Depuis que les réseaux téléphoniques ne fonctionnent pas bien, la prise en charge des patients a pris également un grand coup. Le problème est encore plus accru au niveau de la santé maternelle.
« Avant, on pouvait appeler un membre de la famille au cours de la nuit pour accompagner une femme en travail dans une formation sanitaire. Aujourd’hui, le fait qu’il n’y a pas de réseau, les femmes sont obligées d’accoucher à la maison sans assistance sanitaire », poursuit Boïna.
Le seul réseau qui n’a pas été interrompu est Telecel Faso. Mais il est tellement sollicité qu’il est saturé.
« Nous saluons cet opérateur pour les efforts consentis. C’est ce réseau qui maintient le minimum de communication à l’intérieur de la ville » note-t-il avant de pousser un long soupir.
A Titao, l’absence de réseau affecte l’ensemble des couches socio-économique. Les leaders communautaires se disent victimes de l’isolement.

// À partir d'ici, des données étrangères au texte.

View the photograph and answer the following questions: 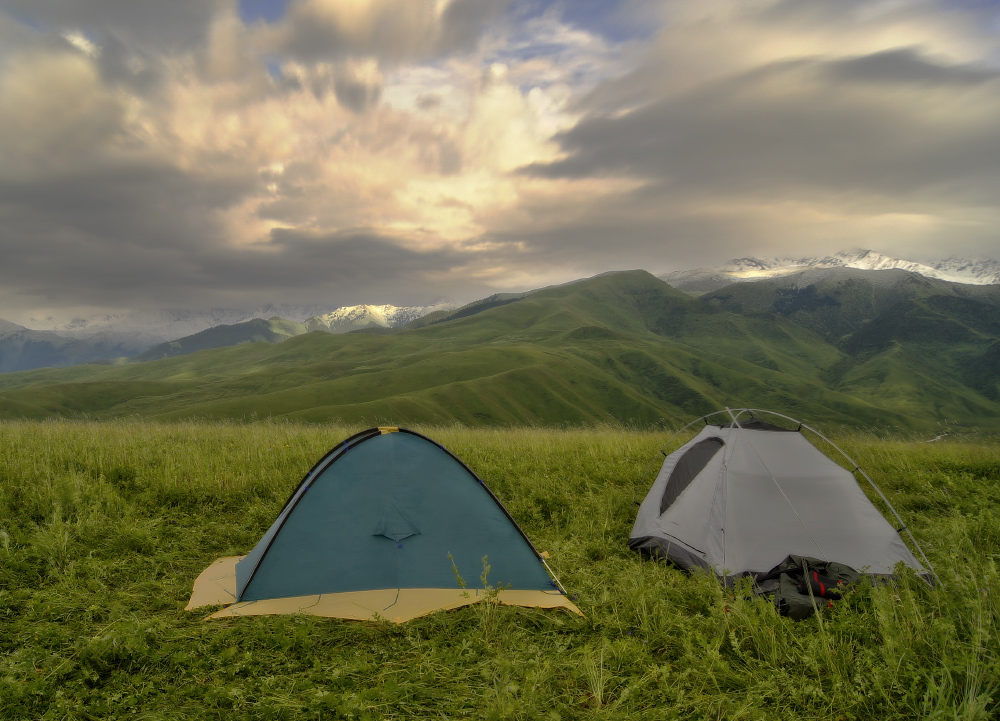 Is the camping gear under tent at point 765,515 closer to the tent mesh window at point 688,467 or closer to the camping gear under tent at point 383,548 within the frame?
the tent mesh window at point 688,467

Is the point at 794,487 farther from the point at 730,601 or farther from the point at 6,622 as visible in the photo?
the point at 6,622

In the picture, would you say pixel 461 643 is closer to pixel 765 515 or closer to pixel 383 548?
pixel 383 548

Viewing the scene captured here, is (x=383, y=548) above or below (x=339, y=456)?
below

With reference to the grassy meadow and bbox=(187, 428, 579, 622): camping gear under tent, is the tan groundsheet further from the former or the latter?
the grassy meadow

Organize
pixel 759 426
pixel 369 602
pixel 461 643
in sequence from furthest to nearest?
1. pixel 759 426
2. pixel 369 602
3. pixel 461 643

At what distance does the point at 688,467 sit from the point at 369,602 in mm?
6044

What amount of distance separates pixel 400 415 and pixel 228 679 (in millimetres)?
89595

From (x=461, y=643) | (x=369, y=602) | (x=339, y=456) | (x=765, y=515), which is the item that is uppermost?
(x=339, y=456)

Jean Sawadogo est leader religieux. Il doit toujours se référer à la hiérarchie pour des consignes. « L’absence du réseau nous rend la tâche difficile car nous n’arrivons pas à rentrer en contact avec la hiérarchie. Nous demandons aux autorités nationales de prendre au sérieux le problème ».
Comme Jean Sawadogo, Philippe Niampa, un autre leader religieux enfonce le clou « En tant que responsable religieux, on recevait de l’appui de nos amis qui sont à l’extérieur. Mais avec les problèmes de réseau les transactions sont difficiles et nous n’avons reçu aucun appui. Cela, a des conséquences néfastes sur nos fidèles qui bénéficiaient de cette aide » ;
Harouna Boina, un leader local s’inquiète, « La situation devient intenable. Il faut que chaque opérateur fasse un effort pour le rétablissement du réseau ».
Du côté des services de transaction de monnaie électronique, les conséquences sont plus visibles. Le travail est souvent à l’arrêt. Le problème du réseau a rendu morose les activités. Les chiffres d’affaires sont en baisse drastique. Pourtant le contexte l’impose. C’est un moyen important de résilience des populations.
Ils sont des milliers de personnes vulnérables à vivre des fonds humanitaires versés aux bénéficiaires en monnaie électronique. Le recours à la monnaie électronique est la seule voix des transactions financières, l’accès à la localité par la route étant impossible.
Face à ces cris de cœur, plusieurs démarches ont été entreprises par le Haut-Commissaire de la province du Loroum auprès des opérateurs de téléphonie mais elles sont restées vaines. L’autorité provinciale aurait même fait des propositions aux opérateurs de téléphonie en termes d’appui au déplacement des équipes techniques. En attendant les populations de Titao continuent de s’abonner aux collines à la recherche du précieux sésame.